En esta genealogía de obras que luchan por salir de su letargo —cual cadáveres llamados de nuevo a la vida— encontraremos a clásicos del Siglo de Oro español como Cervantes, Quevedo y Lope de Vega, pero también a autores de obras caballerescas como Beatriz Bernal, Martorell o Garci Rodríguez de Montalvo, e incluso a pensadores como el padre Feijóo, la deslumbrante María de Zayas y Sotomayor, y los infaltables anónimos, que por temor o desconocimiento de origen, pasaron a engrosar el nombre de pluma más famoso del mundo.


Cuentos caballerescos y fantasmales

En el primer tramo, que consiste en diez piezas, nos encontramos con títulos (que engloban muy bien su contenido) tales como «El dragón doncella», «La prueba del cuerno», «La venganza de la sierpe» o «El caballero del sepulcro negro», historias que relatan con lujo de detalles la oposición excelsa entre el bien y el mal, concepción sin lugar a dudas de raigambre cristiana, donde el demonio y sus huestes se enfrentan contra los representantes de la luz, y en la que el andante caballero, a imitación de Cristo, debe liberar o destruir algún mal que aqueja a alguna viuda, a un huérfano, a un pueblo o a un reino entero. El relato mejor ejecutado, por sus resonancias bíblicas preñadas de moralidad, es «Una bestia fiera llamada Endriago», extraído de Amadís de Gaula (1508), obra maestra de la literatura caballeresca. Se nos cuenta el nacimiento de un monstruo surgido del incesto entre un gigante con su hija, y que físicamente, además de poseer gran estatura, y forma entre dragón y serpiente al poseer escamas y largas garras y alas, expele desde dentro de sí un fuego del infierno que explicita sin lugar a dudas su origen luciferino. Amadís, el caballero valeroso, le hace frente en un singular combate, que como era común en estas historias, se nos relata con pelos y señales: se describirán con mucho detalle las magulladuras, hematomas, fracturas, contusiones, y mutilaciones que sufren los combatientes.
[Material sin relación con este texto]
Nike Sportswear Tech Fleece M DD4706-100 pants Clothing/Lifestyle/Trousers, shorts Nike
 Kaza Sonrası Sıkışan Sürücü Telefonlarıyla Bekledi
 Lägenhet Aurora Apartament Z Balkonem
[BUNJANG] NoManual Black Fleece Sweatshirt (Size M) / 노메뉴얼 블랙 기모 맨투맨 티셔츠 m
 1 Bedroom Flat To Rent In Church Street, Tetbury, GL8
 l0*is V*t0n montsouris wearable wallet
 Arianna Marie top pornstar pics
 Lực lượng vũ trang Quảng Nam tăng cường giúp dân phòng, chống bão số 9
Pero no todo en El demonio es combates ni caballeros, hay un porcentaje bien alto de historias que hacen referencia al mundo fantasmagórico de los espíritus y de los aparecidos. Visiones o fantasmas que vio el hidalgo Costilla de Antonio de Torquemada (1507-1569), patentiza que la existencia de seres de ultratumba, en aquellos años de la vieja España, no era creído a pie juntillas: ante las apariciones sin sentido en la bruma de un jinete misterioso, el narrador intenta explicar que fantasma deriva de la palabra “fantasía”, y que la explicación de aquellos fenómenos podrían remitirse por algún humor melancólico, un eufemismo para llamar a la locura. «El oficio de un difunto», del mismo autor, es una auténtica obra maestra, en la que se nos relata el amorío de una monja con un noble—y nótese que fue escrito en pleno apogeo de la Santa Inquisición– quien acostumbrado a verse con ella en el mismo monasterio a altas horas de la noche, en uno de sus tantos escarceos, en vez de encontrar a su solícita amante, en su lugar se topa con un grupo de frailes con las candelas encendidas y en actitud piadosa, afirmando que están velando a un difunto: es el mismo noble, quien como atrapado en una pesadilla, asiste a su propio entierro.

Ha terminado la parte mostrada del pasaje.